Sometimes, as with example 575, I look at an example or its scenario test, and I get a feeling that it does not look quite right. If am in the middle of something else, which I usually am, I note it down in the issue list to be worked on later. When I find the time to start working on it, I almost always begin by looking around for other supporting cases or documentation to support any possible answers to the asked question.

This issue was no different than the rest. To me:

[foo]()

[foo]: /url1

just looked weird. Should not it be the shortcut link that took precedence? The following example, example 576:

[foo](not a link)

[foo]: /url1

produced the following HTML:

<p><a href="/url1">foo</a>(not a link)</p>

If that was the case for example 576’s output, in the HTML output for example 575:

<p><a href="">foo</a></p>

where were the parentheses?

Debugging and Resolving the Issue¶

It took bit of looking around, but I finally found some good supporting documentation. In the case of example 576, the text not a link does fulfil the link destination requirements of an inline link with not, but then fails on the link title requirements because of missing enclosing characters, such as ". In a subsequent processing pass through the tokens, the inline processors looks for a shortcut link, which it does find with [foo], ignoring the text (not a link). This leaves that text as normal text to be dealt with outside of the Link element.

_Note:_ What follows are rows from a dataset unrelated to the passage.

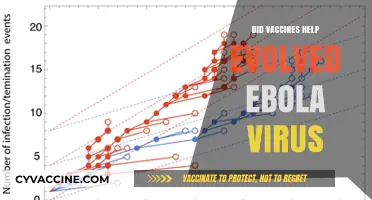 Vaccines and Ebola Evolution: Unraveling the Impact on Viral Adaptation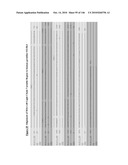 ANTIBODIES AND RELATED MOLECULES THAT BIND TO 161P2F10B PROTEINS diagram and image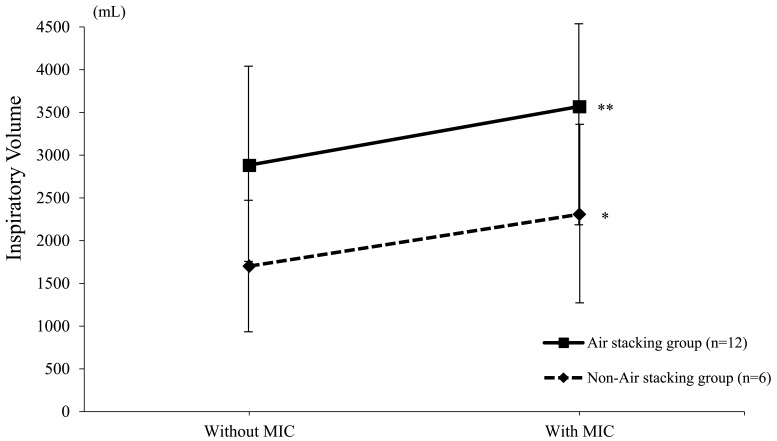 Effects of Rehabilitative Intervention for Augmenting Cough Function in Patients with Multiple System Atrophy.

The case for example 575 is slightly different. Based on example 495, this Markdown text:

[link]()

is a valid inline, producing the HTML output:

<p><a href="">link</a></p>

This almost exactly matches the desired output for example 576. In the previous case, the text between the parentheses, (not a link) was determined to be invalid, and hence was not processed as a valid inline link. However, in this case, it is perfectly valid for an inline link to have no text within its parentheses, as example 495 demonstrates. As that text was a valid part of an inline link element, the entire text was consumed, leaving nothing else for processing to deal with later. With nothing outside of the inline link left for processing, nothing gets added to the surrounding paragraph as “leftover” text.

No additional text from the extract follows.